‘Heb ik je wel eens verteld dat ik zo nu en dan problemen heb met mijn eigen zelf, mijn ware identiteit, mijn diepste binnenste?’ appte Spruitjes zich noemende en schrijvende Venkel naar zijn vertrouweling Hoofdpijn.
Die reageerde als door een adder gebeten. ‘Nou nee, of misschien, of ja, natuurlijk wel, ik bedoel, wat bedoel je? En waarom die cursieve letter? Dacht je dat je iets bijzonders vertelde? Weet je wel dat op dit moment tig idioten het verdienmodel van de psychiatrie binnenstormen met precies wat jij zo cursief formuleert? Geen wonder dat de zorgpremies opnieuw stijgen. Denk je dat ik tijd en zin heb om naar die onzin te luisteren? En verwacht je soms dat ik daar dan ook nog op reageer (terwijl je weet hoe druk ik het heb)?’
‘Parenthesiaal zou ik in navolging van Multatuli willen betogen dat die laatste zin helemaal niet tussen haakjes hoeft te staan,’ baste Verlegen Nachtegaaltje. ‘Het punt is dat in een gesproken tekst haakjes niet doorkomen als haakjes.’
Hoofdpijn viel stil. Spruitjes zich noemende en schrijvende Venkel daarentegen barstte in een Homerisch gelach uit. ‘Dat was een geslaagde interruptie, mijn beste Verlegen Eekhoorntje, of wacht, Verlegen Nachtegaaltje. Hè verdorie, wat is het nou? Jij weet ook niet wat je wil. Hoe staat het eigenlijk met jouw identiteit? Een tussenwerpsel, meer kan ik er niet van maken.’

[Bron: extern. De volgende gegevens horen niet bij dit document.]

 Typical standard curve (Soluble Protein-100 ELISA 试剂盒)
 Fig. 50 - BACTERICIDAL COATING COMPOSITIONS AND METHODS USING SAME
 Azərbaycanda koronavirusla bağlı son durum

Dat kon Hoofdpijn niet over zijn kant laten gaan. ‘Spruitjes et cetera, zo gaat dat niet tussen vrienden. Ik snijd op jouw verzoek een belangrijk onderwerp aan en wil dus ook dat er naar mij wordt geluisterd. Als ik mijn kostbare tijd spendeer aan de oplossing van een door jou opgeworpen probleem dan verwacht ik toch wel jouw serieuze aandacht. Veldvlucht vermomd als zorg voor andermans identiteit … ach, weet je wat? We tillen het over het weekend heen. Bel maandag nog maar eens als je dan nog weet waar deze discussie over gaat.’